Picray v. Secretary of State

*606ARMSTRONG, J.,

concurring.

The majority and the dissent divide over whether ORS 260.695(4) is a law that implements the requirement in Article II, section 8, of the Oregon Constitution that the legislature enact laws to secure free and fair elections. Although I agree with the majority that ORS 260.695(4) is not a law that implements that requirement, I believe that this case can be resolved more simply by recognizing that Article II, section 8, has no bearing on the constitutionality of that law.

The legislature has plenary power to enact laws. That means that it can enact any law that it wants as long as the law does not violate a prohibition in the state or federal constitution against its enactment. Consequently, there is no reason to give the legislature specific authority to enact laws regulating the conduct of elections, as respondent contends Article II, section 8, does, because the legislature already has the power to do that.

Properly understood, Article II, section 8, and comparable provisions, such as the requirement in Article VIII, section 3, that the legislature establish “a uniform, and general system of Common schools,” impose obligations on state government. They require the legislature to do certain things, which is why they are in the constitution.

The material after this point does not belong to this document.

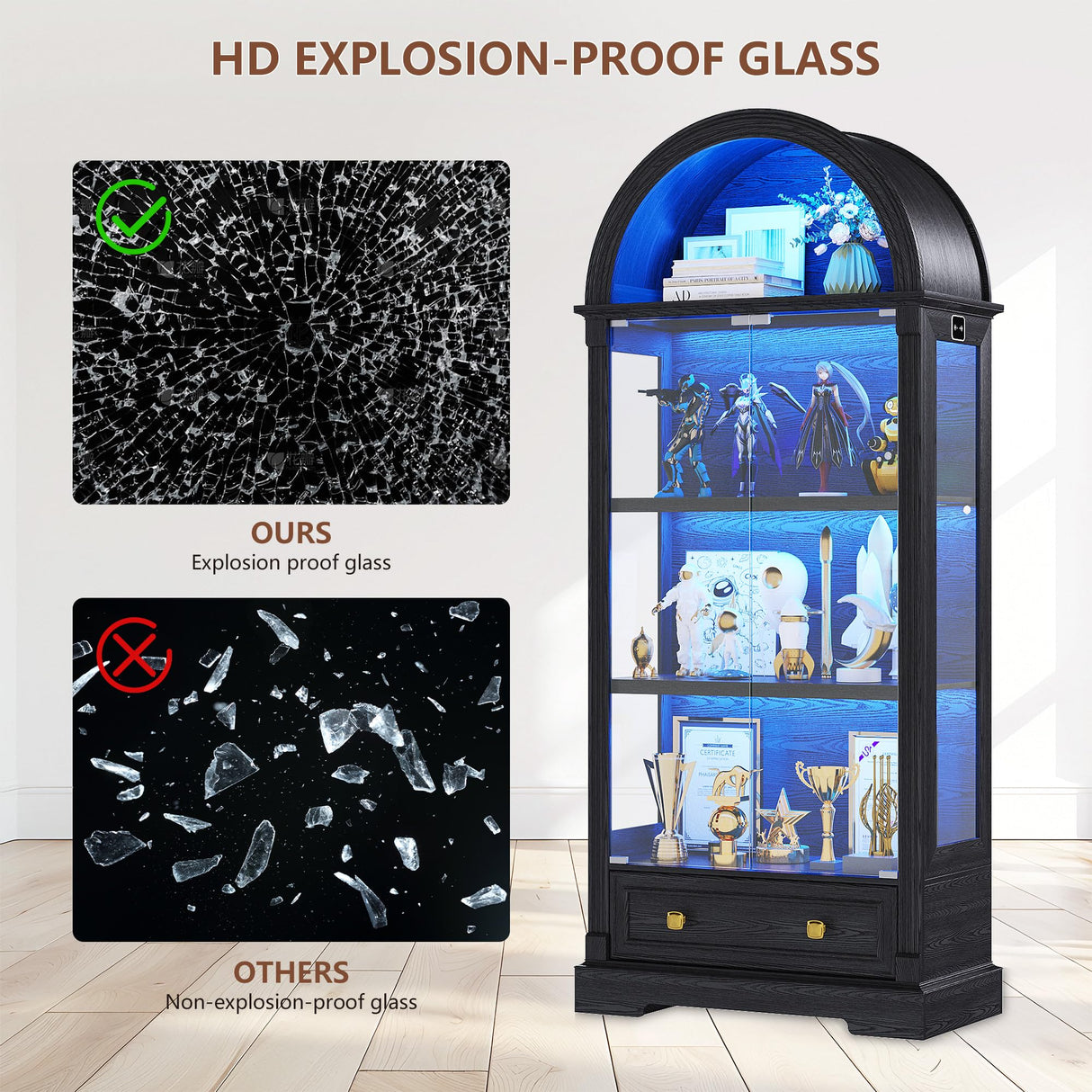 Display Cabinet with Glass Doors, 72" Tall Arched Curio Cabinet with Human Sensor Lights, 4-Tier Glass Display Case for Collectibles Bookcase Living Room Office, Black TAGELIER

They do not give the legislature any greater authority to do the things that they command, however, because the legislature’s plenary authority already gives the legislature all of the power that it needs to do that.

Because Article II, section 8, and comparable provisions are not a source of authority beyond the plenary authority the legislature already has to act, there is no occasion to balance those provisions against the limitations on government found elsewhere in the constitution to determine which commands on government must be obeyed. They all are expected to be obeyed according to their terms.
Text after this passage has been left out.